**Exercise:** Retype, word for word, every line of the records below starting at the one that contains "Chicote Com Caixa" and ending at the one that contains "3 Bed Apartment with En Suite at Kileleshwa"; include both of those lines and nothing more.

+ + + +

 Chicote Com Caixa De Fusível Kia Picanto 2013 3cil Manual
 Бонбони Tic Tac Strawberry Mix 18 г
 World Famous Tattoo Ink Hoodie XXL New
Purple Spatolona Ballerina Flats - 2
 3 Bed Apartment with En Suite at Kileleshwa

+ + + +

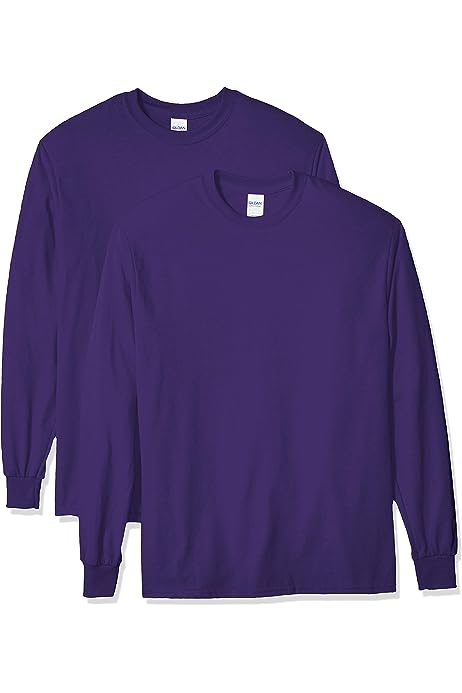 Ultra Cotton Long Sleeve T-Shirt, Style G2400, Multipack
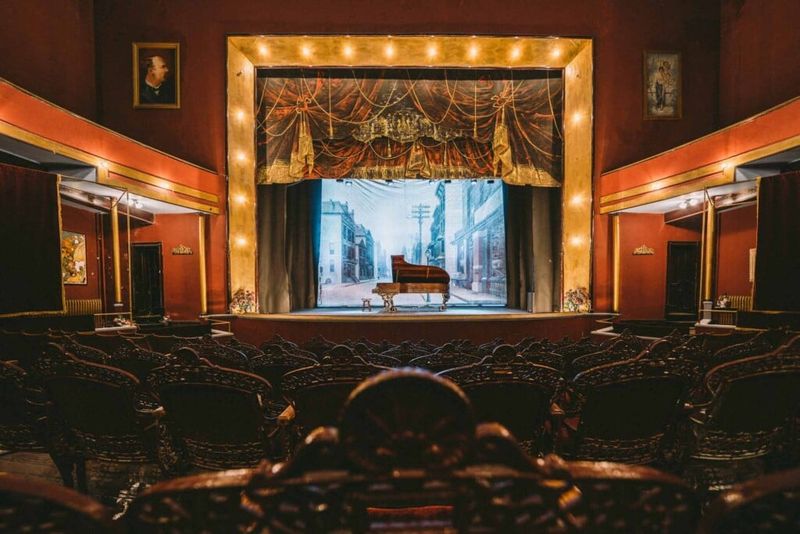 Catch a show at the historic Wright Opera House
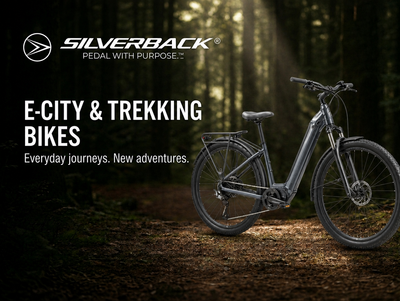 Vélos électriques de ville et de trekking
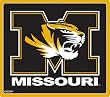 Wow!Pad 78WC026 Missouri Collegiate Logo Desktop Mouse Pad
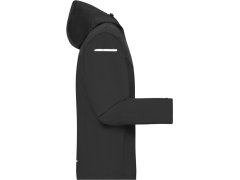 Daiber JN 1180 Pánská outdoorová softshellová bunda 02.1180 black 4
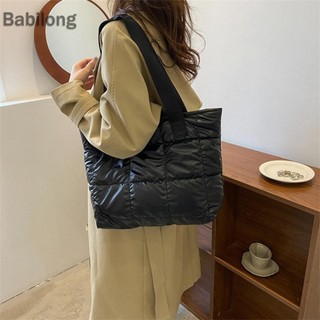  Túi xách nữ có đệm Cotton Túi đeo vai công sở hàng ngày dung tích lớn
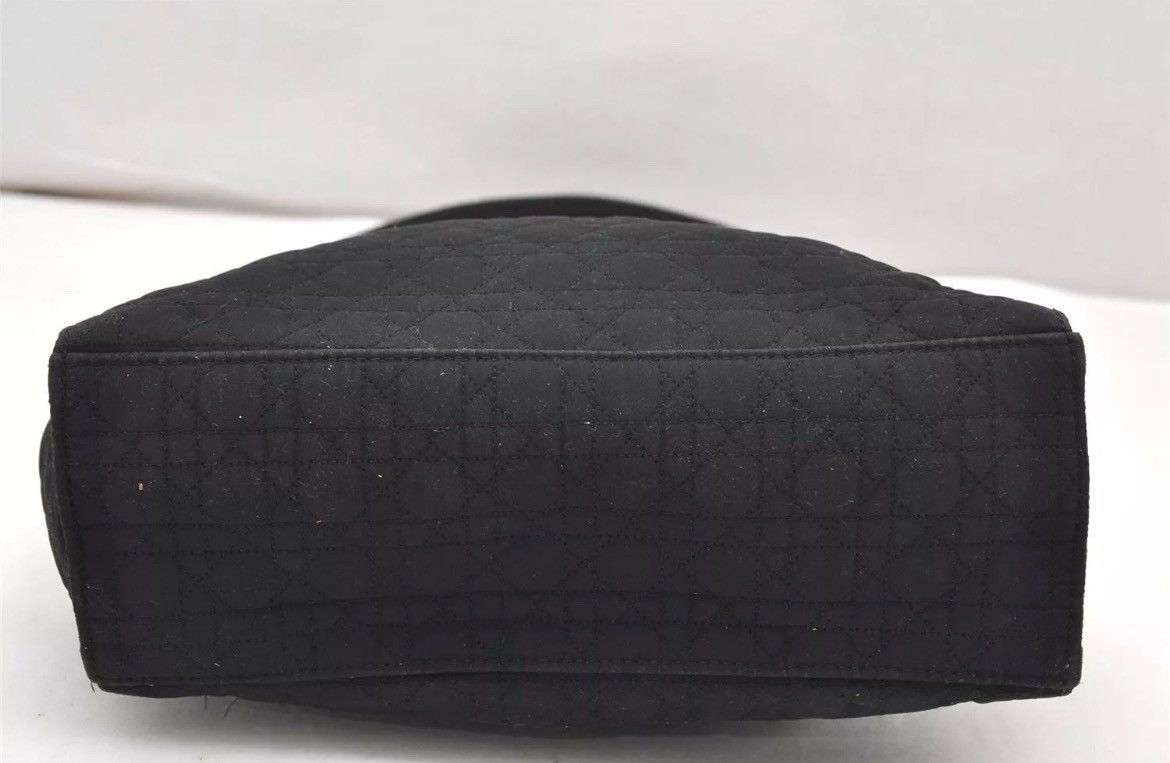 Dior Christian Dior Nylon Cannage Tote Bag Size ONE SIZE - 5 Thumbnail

+ + + +

**Result of the exercise:**
 Chicote Com Caixa De Fusível Kia Picanto 2013 3cil Manual
 Бонбони Tic Tac Strawberry Mix 18 г
 World Famous Tattoo Ink Hoodie XXL New
Purple Spatolona Ballerina Flats - 2
 3 Bed Apartment with En Suite at Kileleshwa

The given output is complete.